“Aku ingin kita bercerai.”
Banda menghentikan gerakan mengunyahnya, ia tertegun, meletakkan pisau dan garpu yang ia pegang untuk memotong-motong steik yang masih hangat di atas piringnya. Ia menatapku tanpa bersuara apa pun, mungkin saat ini banyak hal bermunculan dari sudut-sudut ruang pikirnya.
“Kita selesaikan makan malam ini, dan membicarakannya setelah kita di rumah nanti,” jawabnya. Banda yang selalu hangat, bersuara rendah namun tetap tegas, kini seperti singa lapar yang berjalan linglung tak tahu arah. Ia hening sejenak, tak langsung melanjutkan makannya. Oh, Banda, sungguh aku juga terluka jika melihatmu sedih seperti saat ini.
Makan malam yang seharusnya menjadi momen spesial sebagai perayaan ulang tahun pernikahan kedelapan kami menjadi canggung dan makanan apa pun yang masuk ke dalam mulutku semua terasa lebih hambar dari sebelumnya. Meski aku sudah memikirkan semuanya dengan baik sebelum memutuskan untuk mengajukan perceraian ini, semuanya seperti sia-sia jika melihat Banda hancur hanya dalam hitungan detik seperti ini. Sisa perayaan ulang tahun pernikahan kami berlangsung dengan dingin, kehangatan yang biasa kami berikan satu sama lain hilang begitu saja, seperti aroma masakan yang tertelan angin sore yang kering, lenyap tak berbekas, hanya meyisakan sebuah kerinduan yang kami tahu tak akan bisa lagi kami miliki.
Tak banyak yang kami bicarakan sampai perjalanan pulang. Di dalam mobil yang biasa kami habiskan dengan bercerita hal-hal ringan seperti mendialogkan segala hal yang kami lihat di jalan pun kini seperti hal yang begitu asing. Musik dari radio pun tak berhasil menelan sepi dan canggung, padahal jika ini adalah makan malam perayaan ulang tahun pernikahan di tahun-tahun sebelumnya, sudah pasti kami akan menyanyikan banyak lagu-lagu kenangan kami berdua, menyanyi sembari mengingat kembali hal-hal bodoh yang kami lakukan ketika kami masih muda, sungguh sebuah nostalgia yang akan menjadi cerita yang siap tersimpan rapat dalam peti kenangan dan akan selalu terkunci dalam hidup kami.

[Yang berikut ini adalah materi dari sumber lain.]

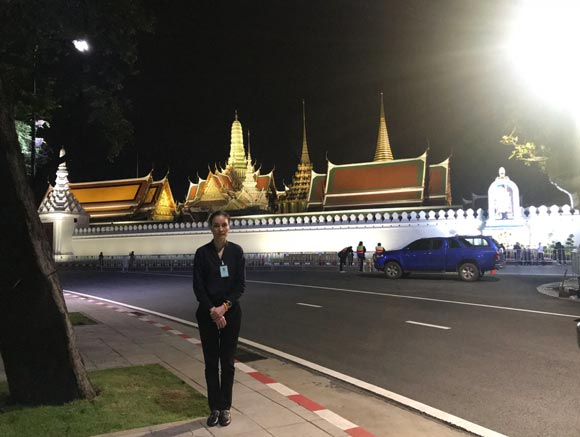 อุ๋ม อาภาศิริ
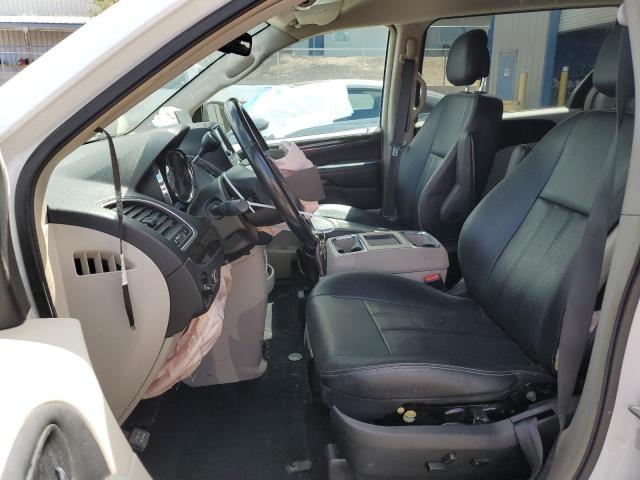 Photo 7 from auction – 2016 CHRYSLER TOWN & COU with VIN 2C4RC1BGXGR290262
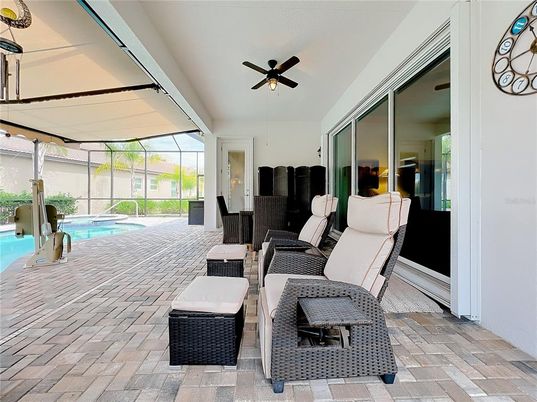 Interior, Pool, Sun Room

Aku tak menyangka bisa melalui perjalanan yang begitu asing ini dengan cukup baik. Sesampainya di rumah, kami pun menuju kamar dan berganti baju. Biasanya kami akan meminum segelas anggur dan bertukar kecupan-kecupan kecil sembari membisikkan kata-kata sayang, namun tidak untuk malam ini. Banda langsung menuju ranjang tempat tidur kami, ia mematikan lampu di atas nakas yang berada tepat di samping sisi ranjangnya, dan memunggungiku. Aku terdiam beberapa saat sebelum akhirnya aku menyusul dan merebahkan tubuhku tepat di sampingnya. Awalnya aku ingin sekali membuka pembicaraan, entah apa pun itu, namun kurasa ini bukan waktu yang tepat. Kumatikan lampu di sisi ranjangku, memutuskan untuk munutup mata, dan tentu saja juga memunggunginya. Di dalam hati aku berdoa semoga malam ini akan berlalu dengan cepat.
*
Aku terbangun ketika jarum jam tepat menunjukkan pukul enam. Saat aku membuka mata, Banda sudah tidak ada di sampingku, nampaknya ia bergegas bangun pagi ini. Aku mengamati seisi kamar dan menajamkan pendengaranku, tak ada sama sekali tanda-tanda keberadaannya di kamar ini. Sebuah pagi yang asing bagi kami.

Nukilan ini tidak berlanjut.